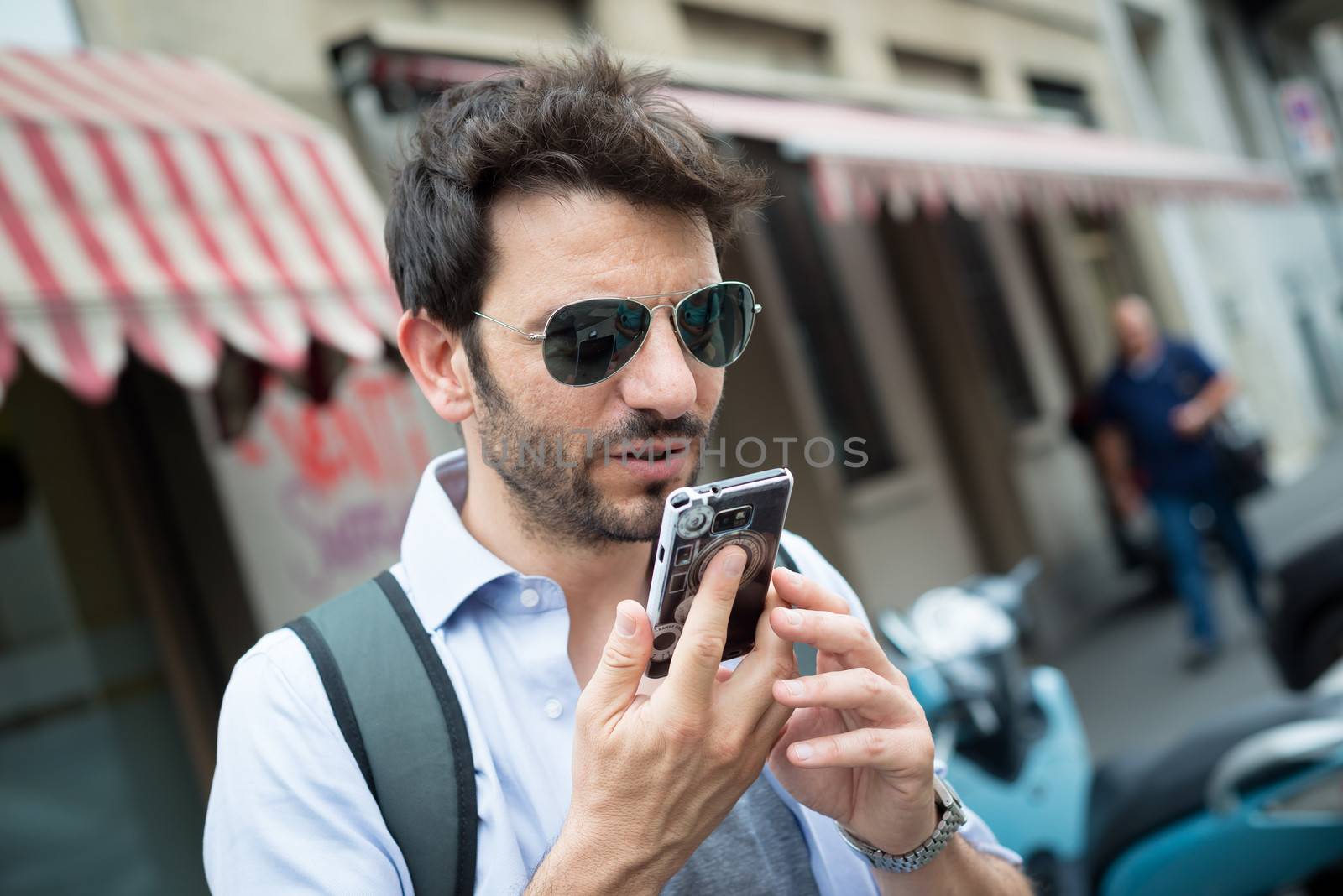 man in the street on the phone in the morning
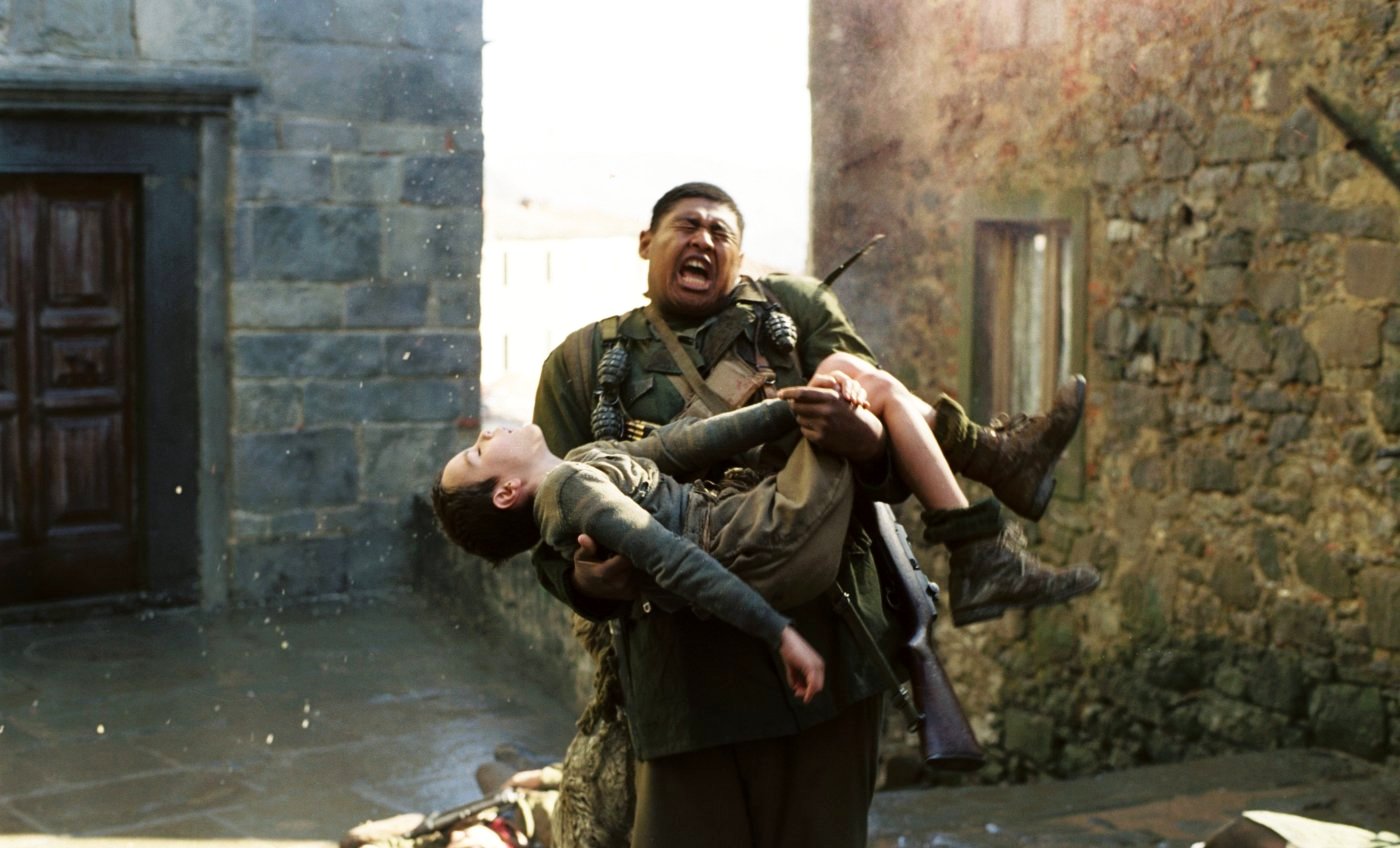 Matteo Sciabordi stars as Angelo Torancelli 'The Boy' and Omar Benson Miller stars as Private First Class Sam Train in Buena Vista Pictures' Miracle at St. Anna (2008)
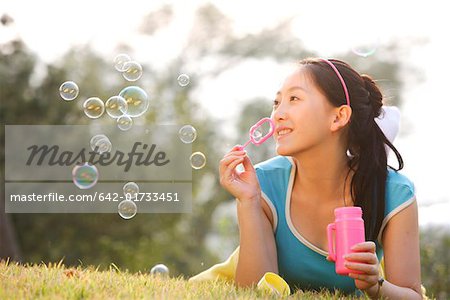 Young woman blowing bubbles, smiling
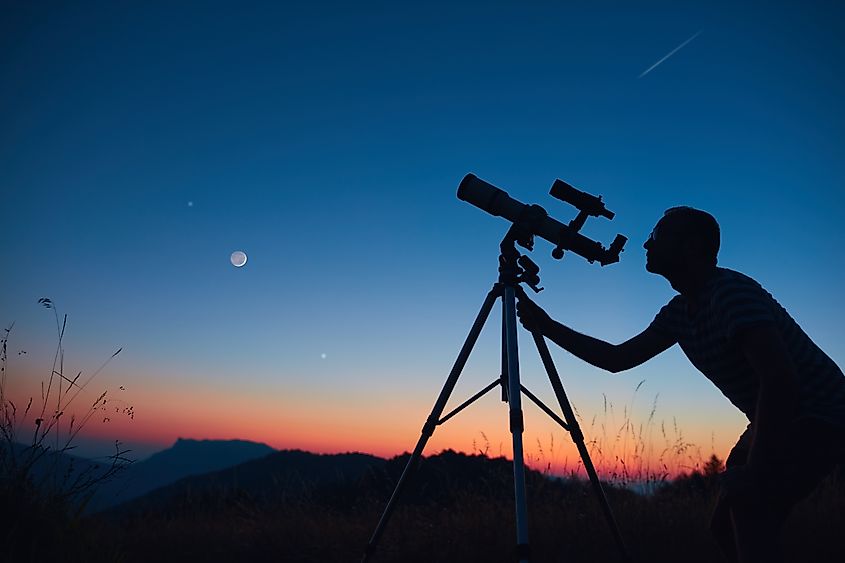 Astronomer looking at the night sky through a telescope.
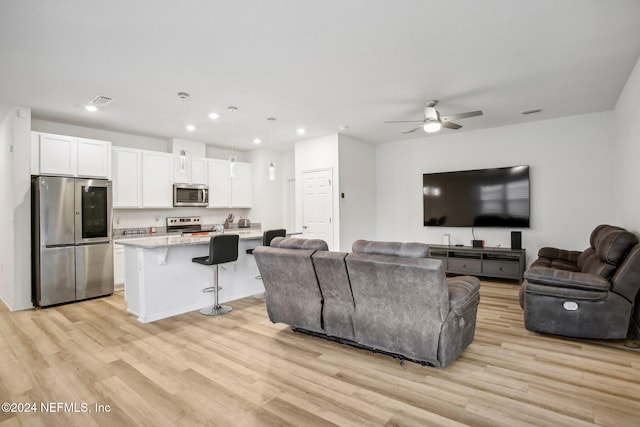 living room featuring ceiling fan and light wood-type flooring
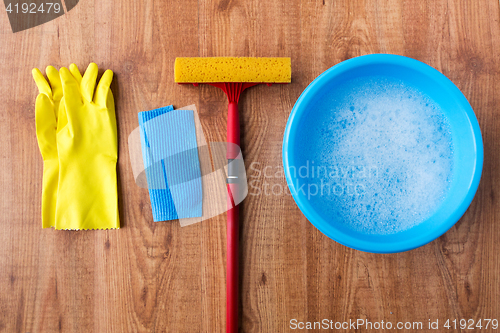 Image of basin with cleaning stuff on wooden background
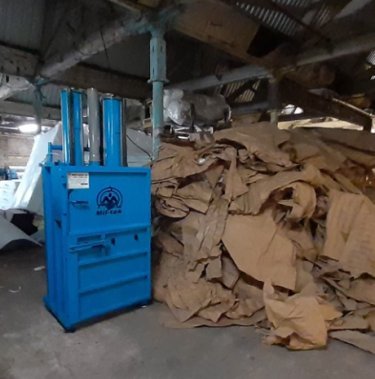 Blue baler and large pile of cardboard at Westieri Beds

Your instructions:
Each line of the records above must be repeated exactly, but no picture belongs in the copy.

Reply to the task:
 man in the street on the phone in the morning
 Matteo Sciabordi stars as Angelo Torancelli 'The Boy' and Omar Benson Miller stars as Private First Class Sam Train in Buena Vista Pictures' Miracle at St. Anna (2008)
 Young woman blowing bubbles, smiling
 Astronomer looking at the night sky through a telescope.
 living room featuring ceiling fan and light wood-type flooring
 Image of basin with cleaning stuff on wooden background
 Blue baler and large pile of cardboard at Westieri Beds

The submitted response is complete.